*PROBLEM DETAILS*
Given the material below, output exactly the lines from the line with "Ariel détergent poudre" to the line with "Piet Mondrian: Composition", both ends included, and no other lines.

*DATA FOR PROCESSING*
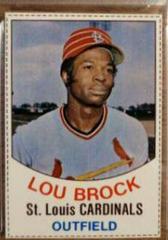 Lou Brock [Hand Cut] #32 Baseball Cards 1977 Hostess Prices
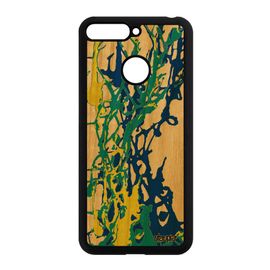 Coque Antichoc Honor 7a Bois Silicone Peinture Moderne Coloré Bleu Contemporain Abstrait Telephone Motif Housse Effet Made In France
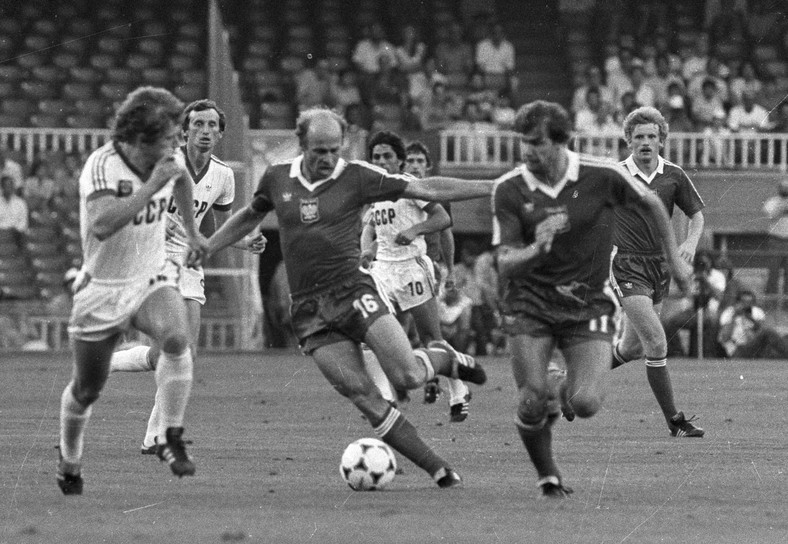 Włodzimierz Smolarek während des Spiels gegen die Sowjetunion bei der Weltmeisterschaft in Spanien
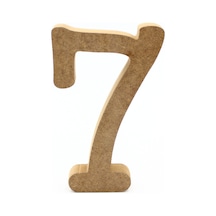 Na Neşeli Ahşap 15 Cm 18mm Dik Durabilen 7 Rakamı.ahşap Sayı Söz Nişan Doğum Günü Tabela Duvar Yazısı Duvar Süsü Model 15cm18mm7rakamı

* * *

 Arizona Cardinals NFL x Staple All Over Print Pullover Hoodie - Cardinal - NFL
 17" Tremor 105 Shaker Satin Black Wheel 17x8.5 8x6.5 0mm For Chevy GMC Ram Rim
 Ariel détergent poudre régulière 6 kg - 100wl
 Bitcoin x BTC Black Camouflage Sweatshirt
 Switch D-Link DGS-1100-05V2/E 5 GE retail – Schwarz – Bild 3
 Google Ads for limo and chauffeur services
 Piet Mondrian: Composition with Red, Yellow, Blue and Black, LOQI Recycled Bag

*YOUR SOLUTION*
 Ariel détergent poudre régulière 6 kg - 100wl
 Bitcoin x BTC Black Camouflage Sweatshirt
 Switch D-Link DGS-1100-05V2/E 5 GE retail – Schwarz – Bild 3
 Google Ads for limo and chauffeur services
 Piet Mondrian: Composition with Red, Yellow, Blue and Black, LOQI Recycled Bag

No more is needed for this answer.